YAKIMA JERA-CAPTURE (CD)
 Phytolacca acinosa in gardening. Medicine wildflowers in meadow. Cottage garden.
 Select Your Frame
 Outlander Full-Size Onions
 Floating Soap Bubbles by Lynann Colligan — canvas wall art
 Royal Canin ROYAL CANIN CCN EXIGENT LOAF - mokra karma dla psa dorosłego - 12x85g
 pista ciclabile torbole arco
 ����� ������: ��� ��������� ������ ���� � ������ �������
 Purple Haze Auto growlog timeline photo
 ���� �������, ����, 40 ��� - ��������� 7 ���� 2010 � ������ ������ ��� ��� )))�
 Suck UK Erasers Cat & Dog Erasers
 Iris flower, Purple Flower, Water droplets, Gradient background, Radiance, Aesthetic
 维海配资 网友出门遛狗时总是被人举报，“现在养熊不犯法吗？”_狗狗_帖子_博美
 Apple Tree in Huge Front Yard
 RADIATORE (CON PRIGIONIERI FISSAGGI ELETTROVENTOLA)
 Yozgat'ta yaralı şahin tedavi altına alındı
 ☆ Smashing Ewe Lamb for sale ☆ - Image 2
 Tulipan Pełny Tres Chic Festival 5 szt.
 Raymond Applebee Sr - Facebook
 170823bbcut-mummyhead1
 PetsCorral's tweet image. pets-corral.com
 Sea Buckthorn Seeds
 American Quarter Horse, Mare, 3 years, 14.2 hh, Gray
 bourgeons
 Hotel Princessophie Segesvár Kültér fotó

▸ TASK TO COMPLETE:
Each line of the listing is to be output verbatim.

▸ COMPLETED TASK:
YAKIMA JERA-CAPTURE (CD)
 Phytolacca acinosa in gardening. Medicine wildflowers in meadow. Cottage garden.
 Select Your Frame
 Outlander Full-Size Onions
 Floating Soap Bubbles by Lynann Colligan — canvas wall art
 Royal Canin ROYAL CANIN CCN EXIGENT LOAF - mokra karma dla psa dorosłego - 12x85g
 pista ciclabile torbole arco
 ����� ������: ��� ��������� ������ ���� � ������ �������
 Purple Haze Auto growlog timeline photo
 ���� �������, ����, 40 ��� - ��������� 7 ���� 2010 � ������ ������ ��� ��� )))�
 Suck UK Erasers Cat & Dog Erasers
 Iris flower, Purple Flower, Water droplets, Gradient background, Radiance, Aesthetic
 维海配资 网友出门遛狗时总是被人举报，“现在养熊不犯法吗？”_狗狗_帖子_博美
 Apple Tree in Huge Front Yard
 RADIATORE (CON PRIGIONIERI FISSAGGI ELETTROVENTOLA)
 Yozgat'ta yaralı şahin tedavi altına alındı
 ☆ Smashing Ewe Lamb for sale ☆ - Image 2
 Tulipan Pełny Tres Chic Festival 5 szt.
 Raymond Applebee Sr - Facebook
 170823bbcut-mummyhead1
 PetsCorral's tweet image. pets-corral.com
 Sea Buckthorn Seeds
 American Quarter Horse, Mare, 3 years, 14.2 hh, Gray
 bourgeons
 Hotel Princessophie Segesvár Kültér fotó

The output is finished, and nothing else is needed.